Trucks carrying flour, sugar, oil and butter were brought into the neighborhood by merchants on Wednesday and more are expected in the coming days, residents said, the first food deliveries to reach the area in four months.

On Tuesday, Homs’s provincial governor, Talal al-Barazi, told the official Syrian Arab News Agency that an agreement had been reached for rebels to withdraw next week from Waer.

The withdrawal of rebels and their families is part of the first phase of returning the neighborhood to government control, he said, after more than three months of negotiations.

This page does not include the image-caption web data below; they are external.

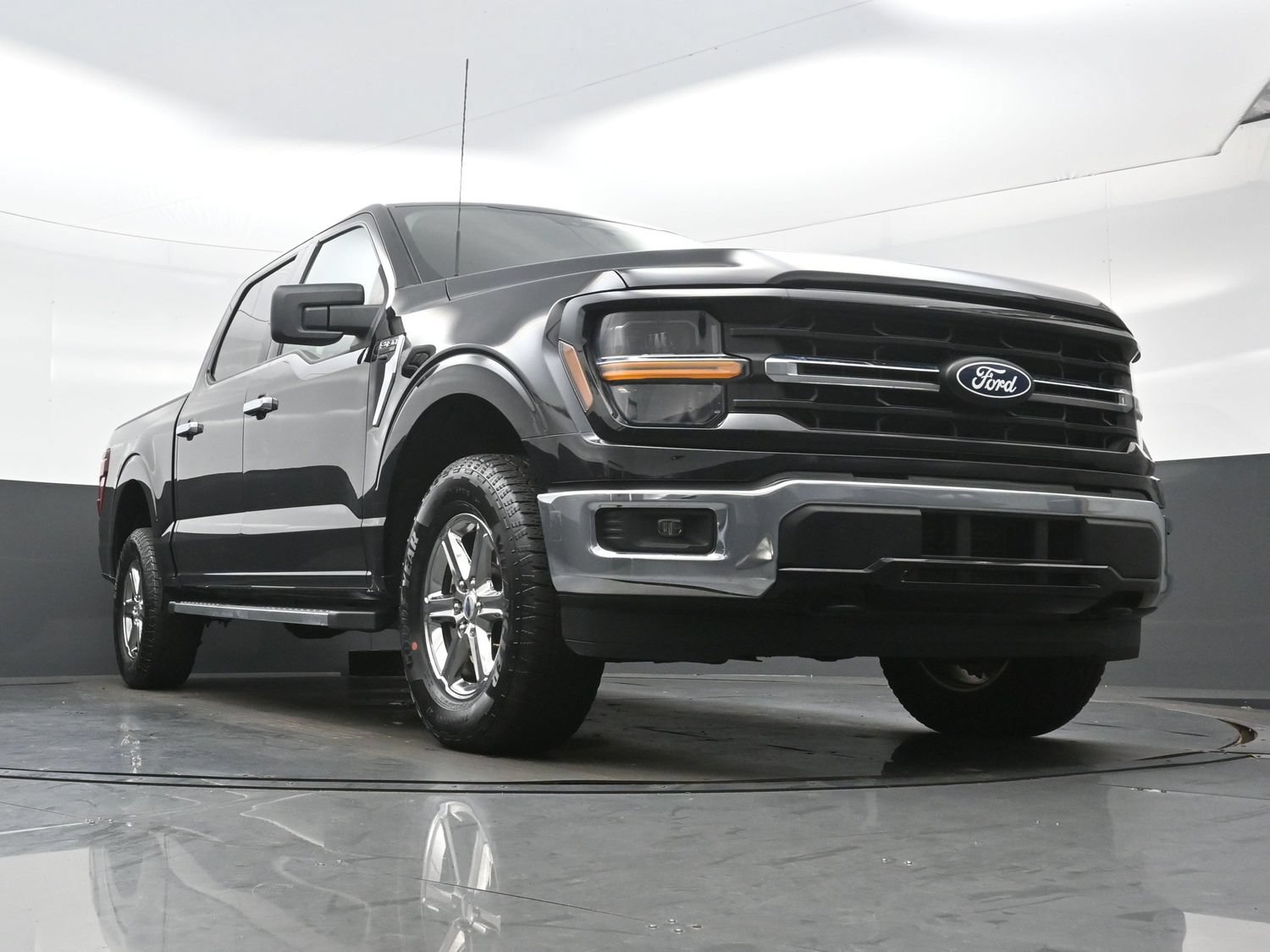Used 2025 Ford F150 XLT w/ Equipment Group 301A Standard AWD/4WD image 31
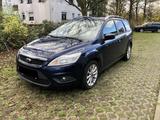 Ford Focus Titanium 1.6 Benziner TÜV 07/20... - Ford Focus aus 2011: 2.0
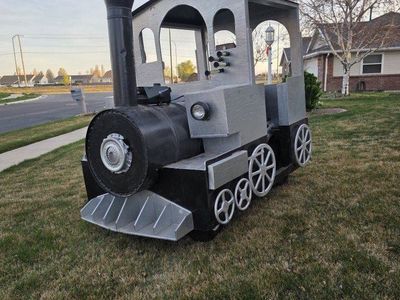 Silverline Railroad — Ready-to-Go Trackless Train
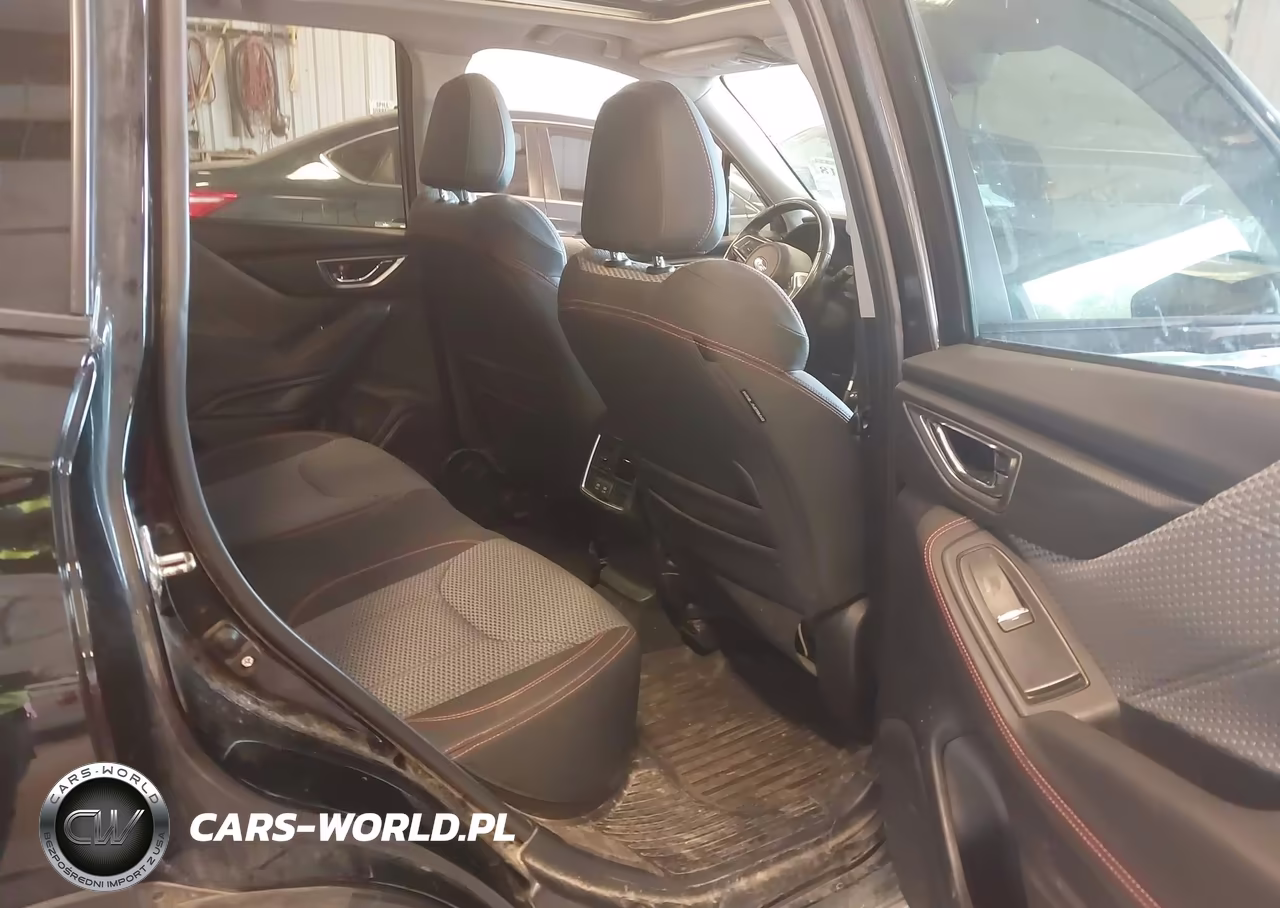 2019 Subaru Forester Sport VIN:JF2SKAPC7KH421034 - 8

Waer is the last remaining rebel holdout in the mostly regime-controlled city, once called the capital of the Syrian revolution. It is populated by rebels from various factions, including the U.S.-backed Free Syrian Army, the Islamist Ahrar Al Sham and al Qaeda’s Syrian affiliate, the Nusra Front.

Rebels last withdrew from a Homs stronghold in May 2014, when they pulled out of its Old City in a major symbolic blow to Syria’s fractious opposition.

Rebels and activists said the cease-fire would be a preliminary test of each side’s commitment to a final agreement of withdrawal, for which they are still completing logistics. A U.N. team in Homs is helping mediate the withdrawal and has asked rebels to outline how the fighters will leave and where they will go, according to a person involved in the negotiations.

A U.N. spokeswoman declined to comment.

Brief cease-fires have been struck previously in Waer, but attempts to establish longer truces have fallen through.

The Syrian Observatory for Human Rights, a UK-based opposition monitoring group, said that under the agreement more than 3,000 rebels would also be allowed to peacefully leave opposition-controlled suburbs of Homs and the central city of Hama.